Apple Warns Select Indian Users of Potential Pegasus-like Spyware Threat

Apple Warns Select Indian Users of Potential Pegasus-like Spyware Threat

Apple has issued a warning to a select group of users in India regarding a potential security threat resembling a Pegasus-like spyware attack. The company informed users about the spyware's attempt to remotely control targeted devices, highlighting the sophistication and rarity of mercenary spyware attacks like those using Pegasus from the NSO Group. This type of spyware, developed by an Israeli company, is designed to target specific individuals and is considered exceptionally rare and sophisticated compared to regular cybercriminal activities.

The targeted users, including those in India, were cautioned about the potential risks posed by such mercenary spyware attacks, as they typically involve extensive resources and are directed at a small number of specific individuals. Apple's notification emphasized the advanced nature of these attacks, which can be costly and challenging to detect. While the majority of the population is unlikely to be affected by such targeted cyberattacks, individuals like journalists, activists, politicians, and diplomats are often prime targets.

One of the individuals who received Apple's warning, Iltija Mufti, the daughter of former Chief Minister of Jammu & Kashmir Mehbooba Mufti, claimed that her device had been hacked by Pegasus.

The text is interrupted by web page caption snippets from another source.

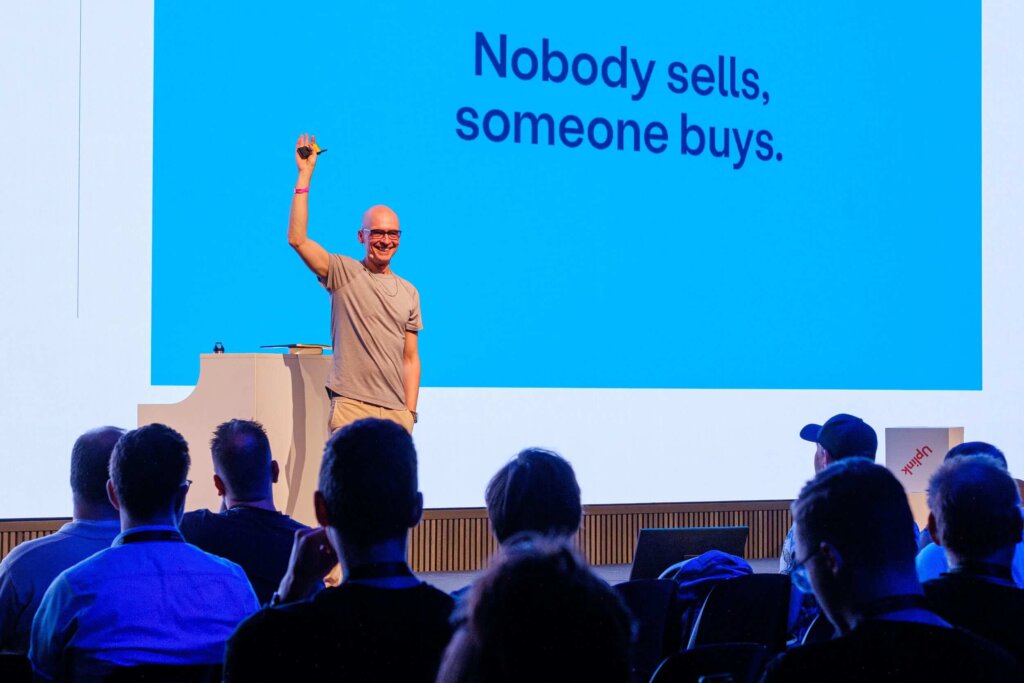 Matteo Cassese keynote speaker at Freelance Unlocked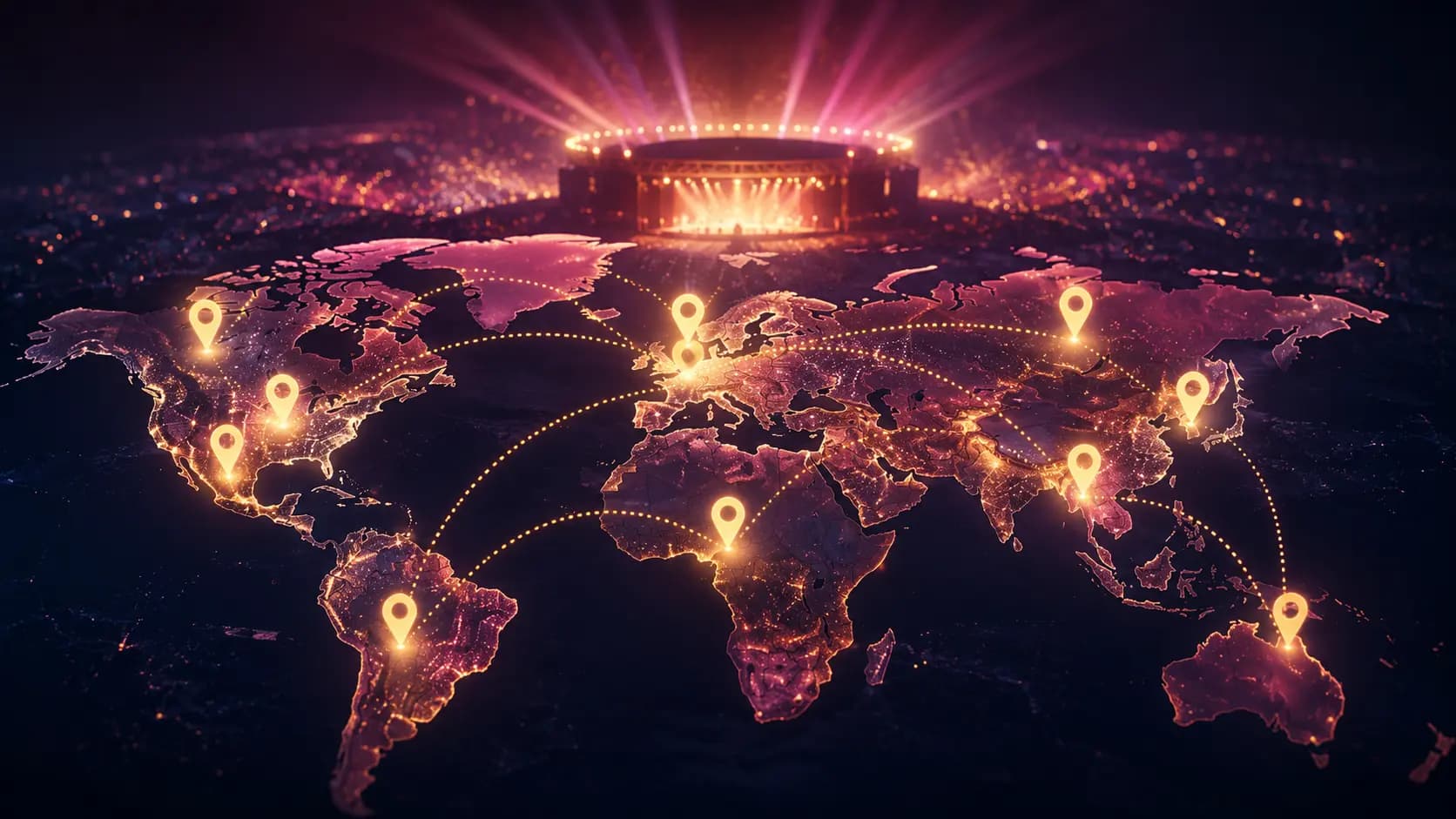 Bruno Mars Tour 2026- Full City bymCity Schedule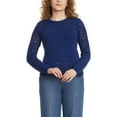 thumbnail image 1 of Nine West Women's Pointelle Sweater, 1 of 7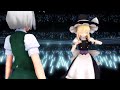 mmd 　深夜テンションで作った魔理沙のしかのこのこのここしたんたん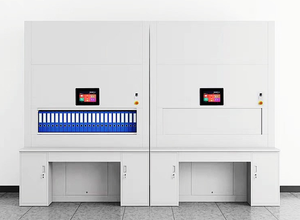 Smart Rotating Vertical Lift Steel <b>File</b> Cabinet Office Library Lab Height Selectable Layers Smart School <b>File</b> <b>Storage</b> Cabinet - Product Image 4
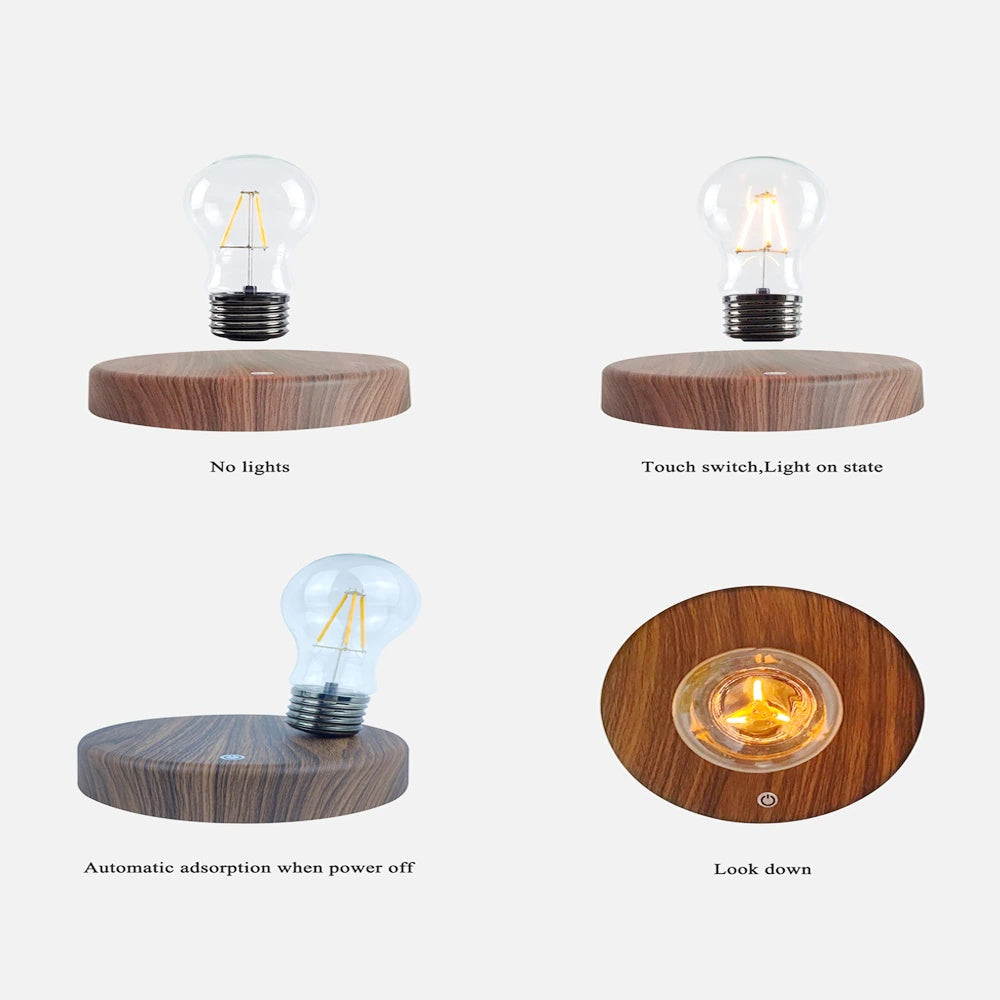 Magnetic Levitation Bulb Night Light Desktop Decoration Table Lamp Creative Ornaments null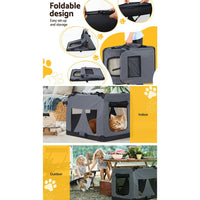 Pet Carrier Soft Crate Dog Cat Travel 82x58CM Portable Foldable Car XL Pet Care Kings Warehouse 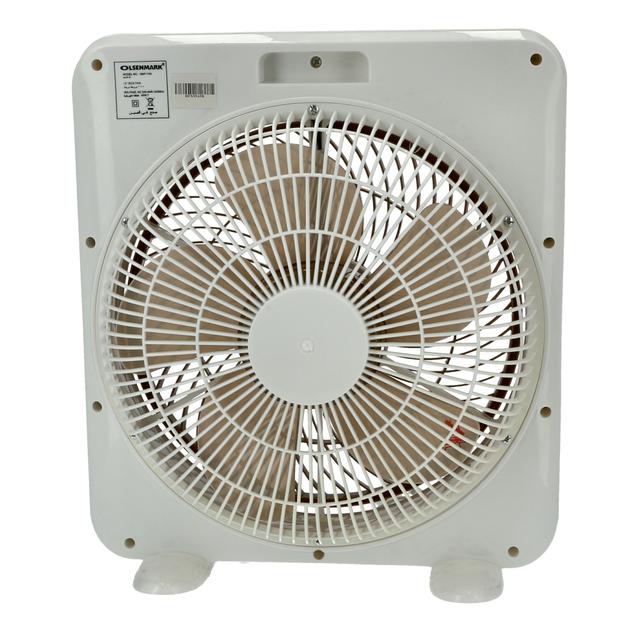 Olsenmark Box Fan, 12 Inch - 3 Speed Setting - 5 Leaf Strong Blade - Timer Function - SW1hZ2U6NDM0NjY3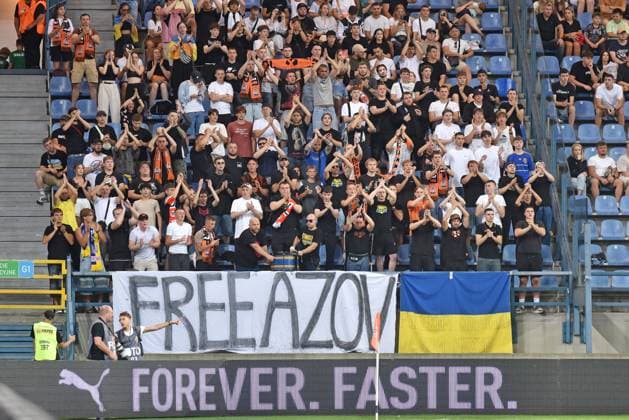 2025.08.14 Krakow Pilka nozna , UEFA Liga Europy sezon 2025 26 Szachtar Donieck - Panathinaikos Ateny N z Kibice Szachtara Foto Krzysztof Porebski PressFocus 2025.08.14 Krakow Football , UEFA Europa League , 2025 2026 season FC Shakhtar Donetsk - Panathinaikos AO Kibice Szachtara Credit: Krzysztof Porebski PressFocus NEWSPIX.PL --- newspix.pl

She accused the Narendra Modi government of targeting political opponents through surveillance tactics, echoing similar allegations made by other opposition politicians like Rahul Gandhi. Moreover, despite allegations of snooping via Pegasus, a panel appointed by the Supreme Court in 2022 did not find evidence of the software's use, noting a lack of cooperation from the government in the investigation. Apple's blog highlighted that such cyberattacks, aimed at individuals in positions of influence or importance, continue to be a pervasive issue globally, with the company sending notifications to users in over 150 countries since 2021.